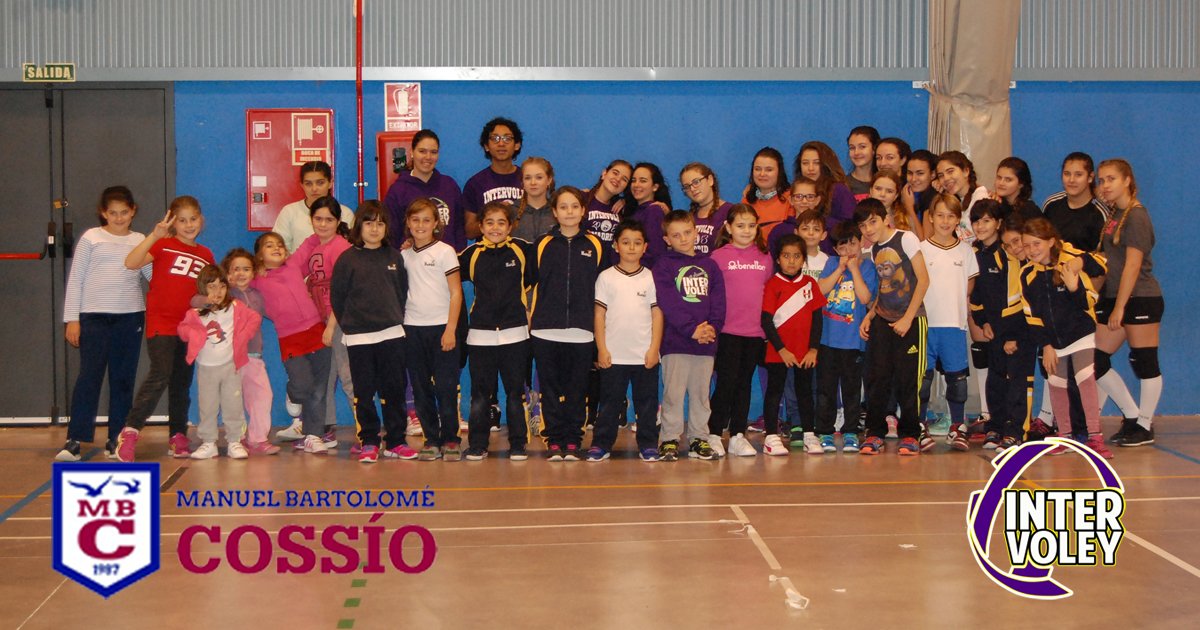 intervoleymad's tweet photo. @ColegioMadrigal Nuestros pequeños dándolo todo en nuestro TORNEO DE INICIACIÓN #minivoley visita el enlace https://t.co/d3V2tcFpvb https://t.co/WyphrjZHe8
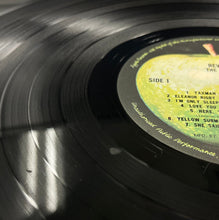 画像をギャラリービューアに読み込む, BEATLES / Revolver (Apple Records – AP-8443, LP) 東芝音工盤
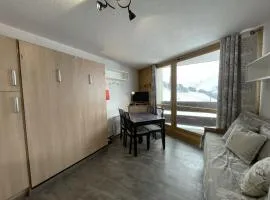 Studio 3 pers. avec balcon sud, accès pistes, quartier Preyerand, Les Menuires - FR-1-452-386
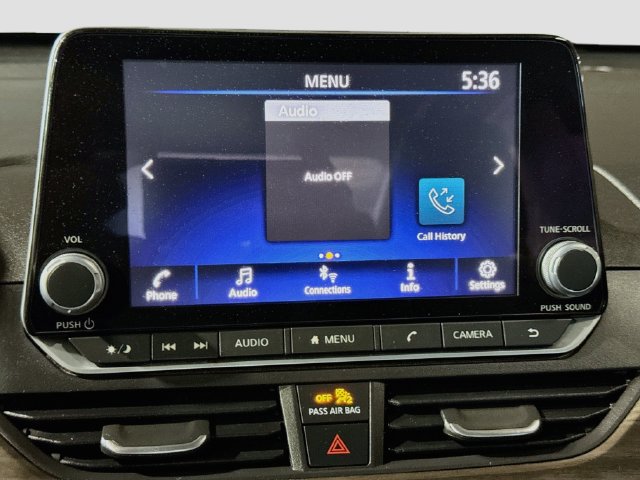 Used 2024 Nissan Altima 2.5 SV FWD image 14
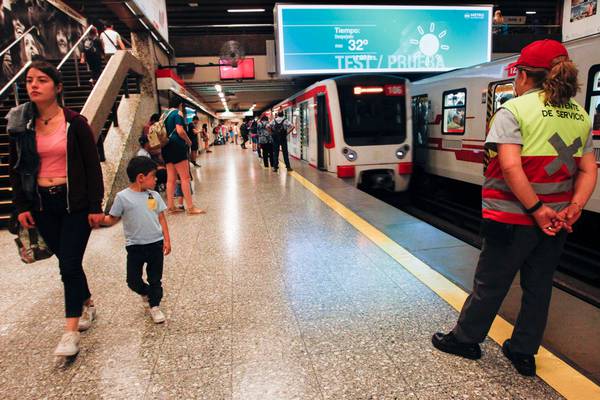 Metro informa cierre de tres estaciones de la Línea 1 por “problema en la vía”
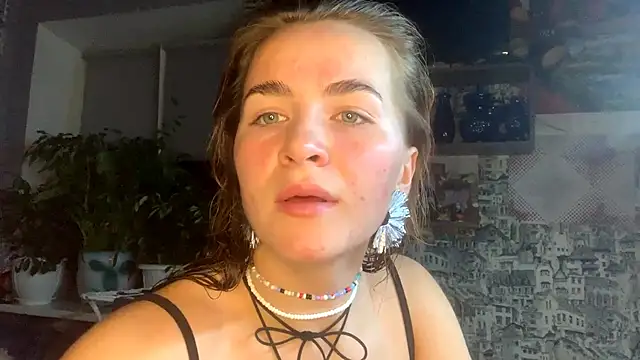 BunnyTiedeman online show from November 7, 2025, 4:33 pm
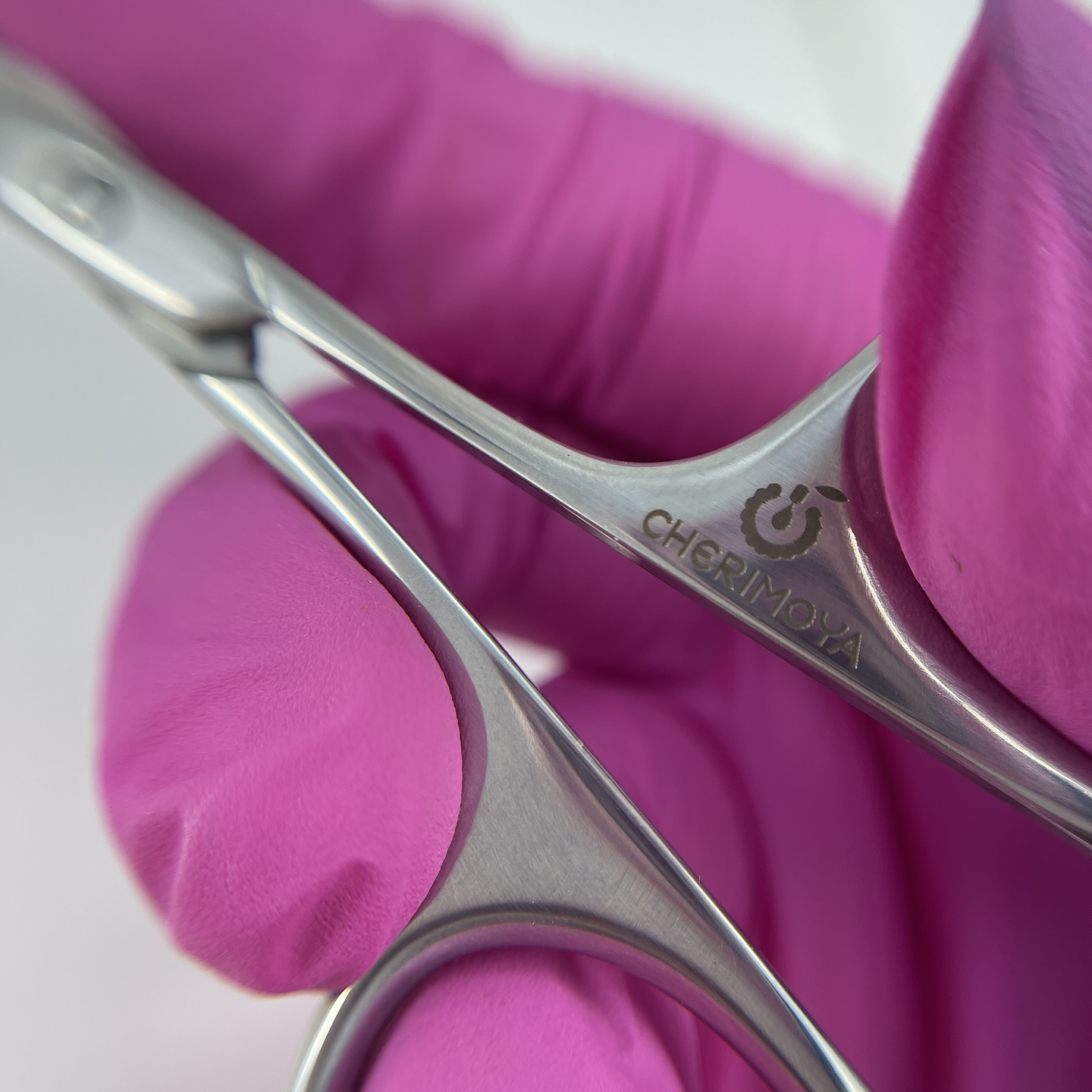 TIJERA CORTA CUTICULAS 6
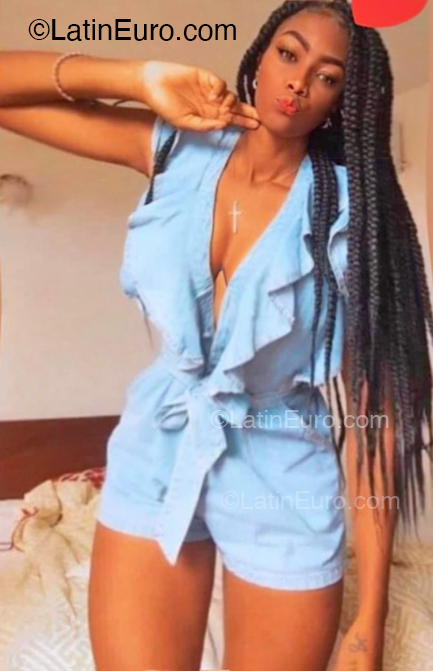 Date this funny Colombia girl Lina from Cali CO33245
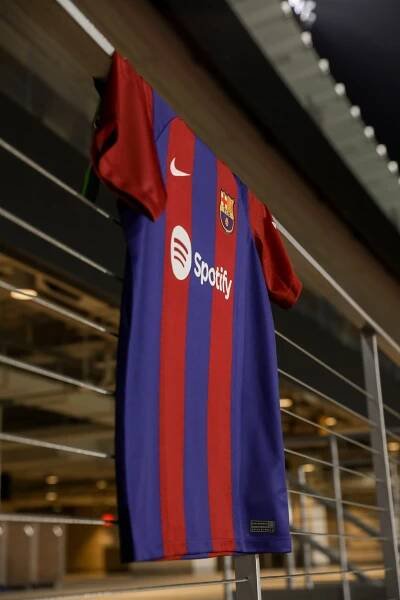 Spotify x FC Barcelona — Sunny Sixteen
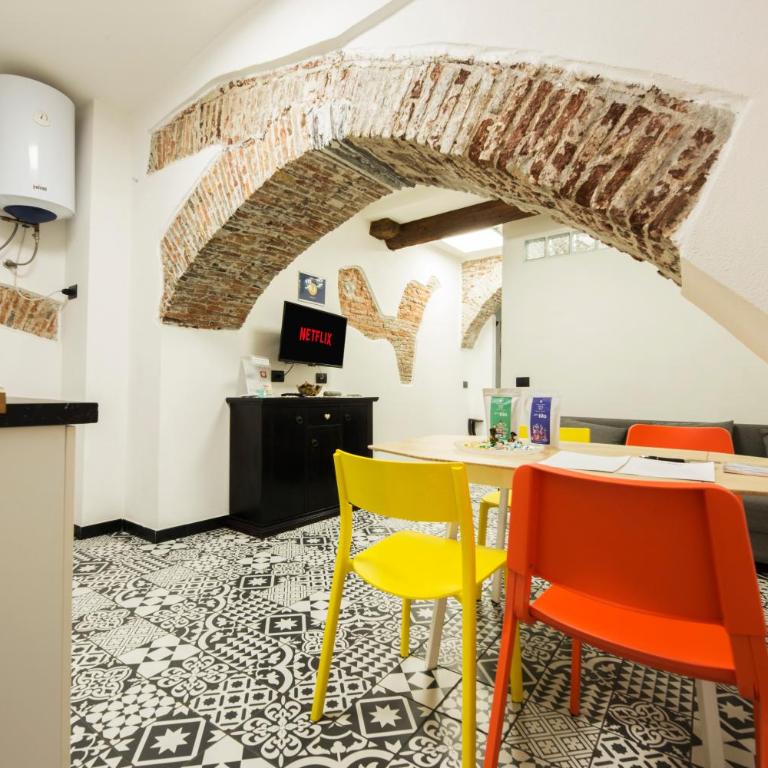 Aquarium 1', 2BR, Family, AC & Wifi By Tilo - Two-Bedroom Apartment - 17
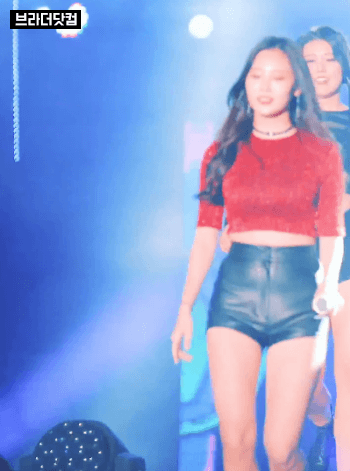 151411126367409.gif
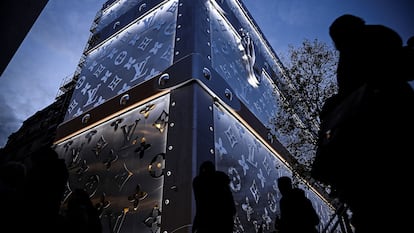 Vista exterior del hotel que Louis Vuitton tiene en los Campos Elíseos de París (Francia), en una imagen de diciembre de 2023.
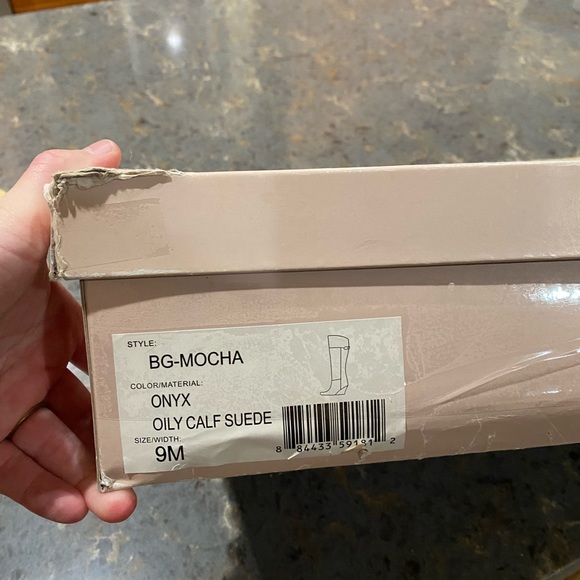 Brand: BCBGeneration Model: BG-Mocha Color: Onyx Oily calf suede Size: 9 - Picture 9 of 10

=-=-=-=-=

Work to be completed:
Aside from the pictures, repeat the listing exactly.

Response to the task:
 intervoleymad's tweet photo. @ColegioMadrigal Nuestros pequeños dándolo todo en nuestro TORNEO DE INICIACIÓN #minivoley visita el enlace https://t.co/d3V2tcFpvb https://t.co/WyphrjZHe8
 画像をギャラリービューアに読み込む, BEATLES / Revolver (Apple Records – AP-8443, LP) 東芝音工盤
 Studio 3 pers. avec balcon sud, accès pistes, quartier Preyerand, Les Menuires - FR-1-452-386
 Used 2024 Nissan Altima 2.5 SV FWD image 14
 Metro informa cierre de tres estaciones de la Línea 1 por “problema en la vía”
 BunnyTiedeman online show from November 7, 2025, 4:33 pm
 TIJERA CORTA CUTICULAS 6
 Date this funny Colombia girl Lina from Cali CO33245
 Spotify x FC Barcelona — Sunny Sixteen
 Aquarium 1', 2BR, Family, AC & Wifi By Tilo - Two-Bedroom Apartment - 17
 151411126367409.gif
 Vista exterior del hotel que Louis Vuitton tiene en los Campos Elíseos de París (Francia), en una imagen de diciembre de 2023.
 Brand: BCBGeneration Model: BG-Mocha Color: Onyx Oily calf suede Size: 9 - Picture 9 of 10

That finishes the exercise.